Unitree A1 convention used in xacro / kinematics / urdf

[thvhauwe]

Hello and thanks for providing this codebase.

I'm having trouble to execute simulated motions of the unitree A1 robot on real hardware. I noticed there is a difference in definition of the revolute joint in HFE and KFE joints, originating in edits in the xacro files leg.xacro and const.xacro, compared to the ones provided by the manufacturer Unitree (https://github.com/unitreerobotics/unitree_ros/tree/master/robots/a1_description/xacro).

The result is that computed joint angles for KFE joint for example return positive values (e.g. during standing) but on the unitree A1 this is an invalid position, as this joint angle should lie between (-2.7, -0.9).

Bottomline: difference in xacro/urdf/kinematics complicates execution of code on real A1 hardware. Could you elaborate why this different convention was introduced? What files/configs would need to be editted to use the original xacro/urdf conventions with quad-sdk(as to allow execution on the hardware)

[jrenaf]

Hi @thvhauwe, thanks for trying out quad-sdk. Yes, there is a difference on hip and knee joint limit between sdf/urdf/xacro in our code and that from Unitree. To fit in A1 hardware configuration, a straightforward approach we would suggest is to set up a linear mapping between two configurations within controller and estimator plugin in quad_simulator when using gazebo or in robot_driver when using hardwares which interfaces the local planner with robot motors.

[jcnorby]

To give some more context to this answer, even though many commercially available quadrupeds share similar morphologies, there is no set convention between robot brands/models on joint zeros/directions. As a result, adding a new robot requires either updating the urdf to match one particular convention, or writing plugins for any particular robot model which handle this mapping. For simplicity we chose the former option (using the default Spirit 40 convention as that is the platform we use for hardware testing), although the latter may be more generalizeable in the long term. If this is something that the community prioritizes we could consider adding it to the list of desired features, although as always we welcome PRs if folks develop their own solution!

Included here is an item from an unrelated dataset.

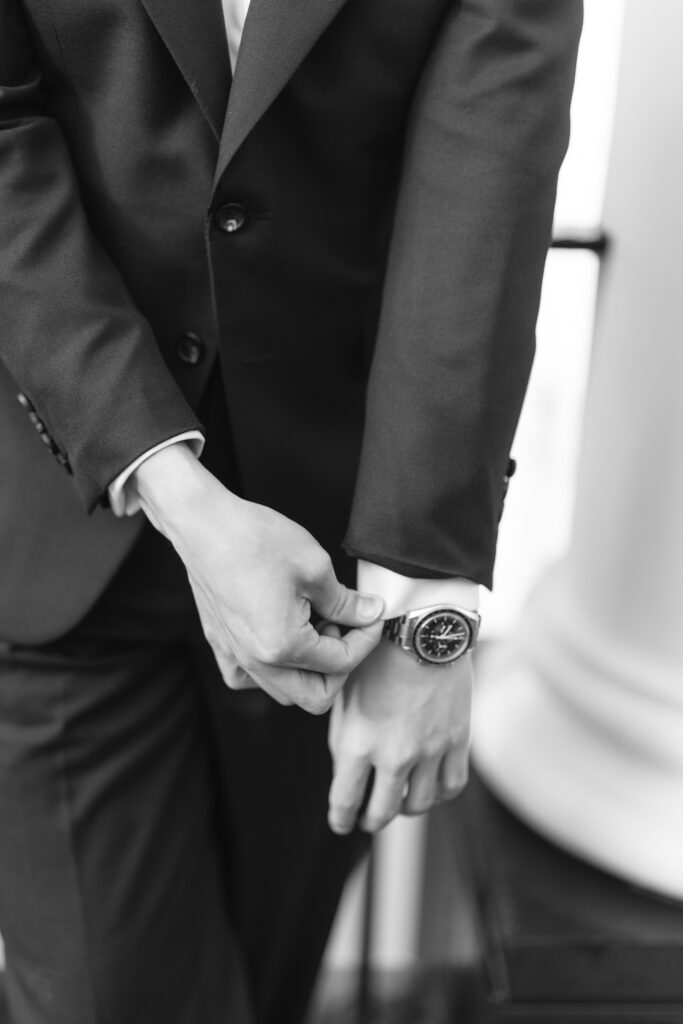 Black and white photo of a person in a suit adjusting their cuff with one hand, wearing a wristwatch. Their face is not visible, focusing on their torso and hands.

Also to clarify the files that would need to be changed for hardware execution - I would recommend making a new class that inherits HardwareInterface called A1Interface which can handle this mapping when sending and receiving data from the robot (see SpiritInterface for an example). As Jiming mentioned you would need to update controller_plugin.cpp and estimator_plugin.cpp to do the same thing in simulation.

[thvhauwe]

Thanks for this clarification. I understand now this was a practical decision to take. For now I execute commands from quad-sdk on the A1 hardware using a ros node that subscribes to quad-sdk commands, performs conversions and linear mapping and then sends those commands to the robot using LCM. This is an adhoc solution and essentially results in open-loop control. Indeed creation of a A1 hardware interface would be a better solution, maybe one I can commit some time into in the near future.

[jcnorby]

Yep, that functionality is exactly what the HardwareInterface class is for. Since it is embedded directly within the RobotDriver loop it doesn't introduce the additional latency/overhead associated with ROS messaging (same thing for receiving sensor data from the robot).

[jcnorby]

Closing this issue due to lack of activity, and also for lack of an A1 platform to test on. Can be reopened in the future if progress is made.